Charles Roscoe Finnell
Rank: Private
Branch: Army
UT Major/Affiliation: Agriculture, 1936-1937
Hometown: Cleveland, TN
- June 21, 1918 – February 6, 1945
- Cleveland, TN
- Agriculture 1936-1937
- Army Pvt
- 109 Infantry 28th Division
- He was killed in the final days of the battle for the Colmar Pocket. His division the 28th was originally a Pennsylvania National Guard unit. Their division patch was the Keystone for the Keystone State. The patch was red in color and the Germans after the bloody fighting in the Huertgen Forest called the division “The Bloody Bucket”. They can best be described as a ‘hard luck’ outfit as after the horrendous casualties they suffered in the Huertgen Forest they were moved to the a quite area in Luxembourg. They were in fact in the direct line of attack by the Germans at the start of the Battle of the Bulge. were in not for their stand which is described in a book ‘Alamo in the Ardennes” the Germans would have taken Bastogne. After the heavy fighting there they were reconstituted and send south to Alsace where they would again take heavy casualties in the final push to take the Colmar Pocket and captured the city of Colmar.

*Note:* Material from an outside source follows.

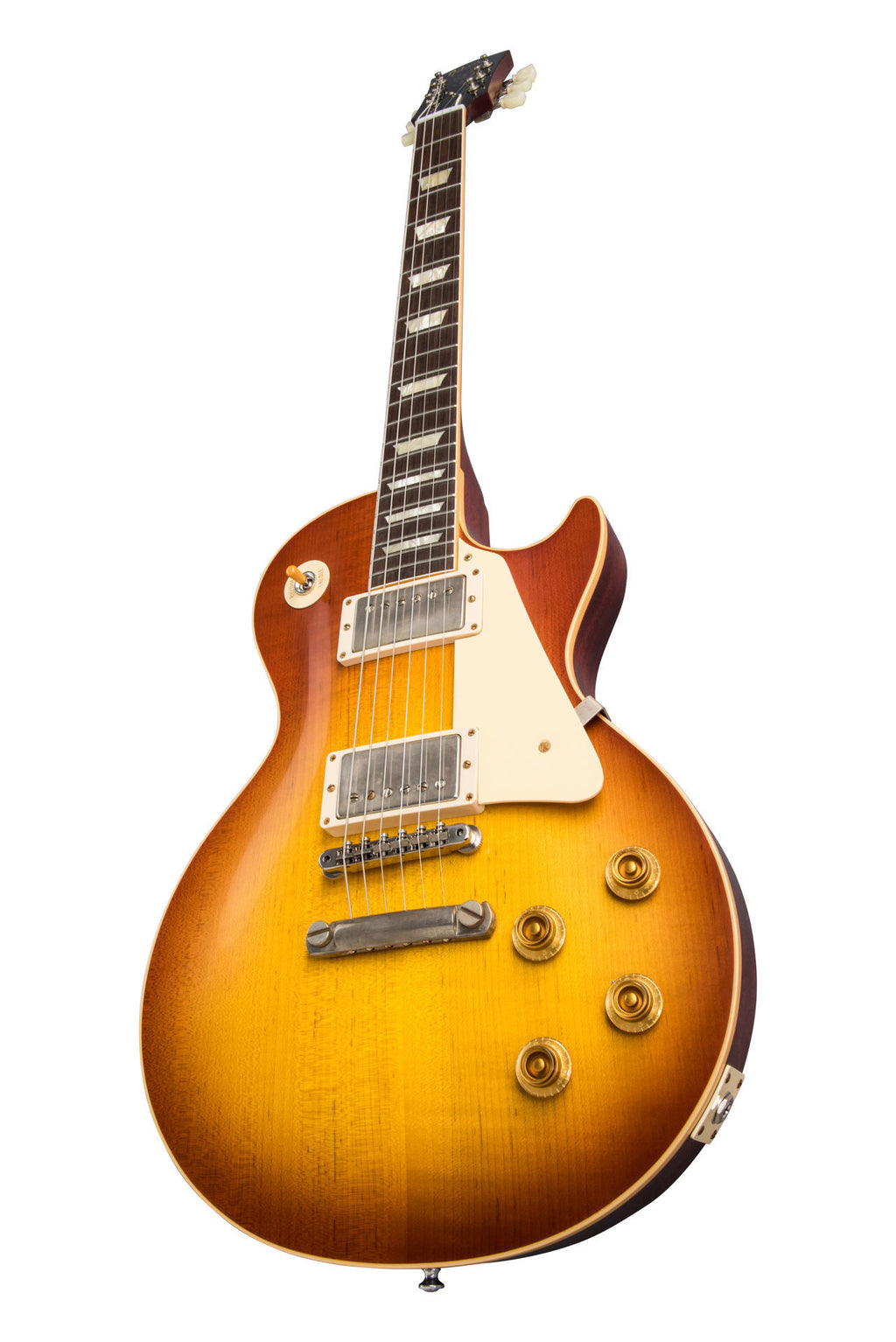 Gibson 1958 Les Paul Standard Reissue electric guitar in VOS Iced Tea Burst finish, showcasing sunburst body and mahogany neck.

- Buried at Epinal, France at Epinal American Cemetery and Memorial
Charles Roscoe Finnell (June 21, 1918 – February 6, 1945) was from Cleveland, Tennessee. He attended the University of Tennessee for agriculture from 1936 to 1937. He served as a Private in the United States Army as part of the 28th Infantry Division’s 109th Infantry Battalion. He was killed in action during the 28th Division’s push to take Colmar, France in Alsace-Lorraine on February 6, 1945. He is buried at the Epinal American Cemetery and Memorial in Lorraine, France.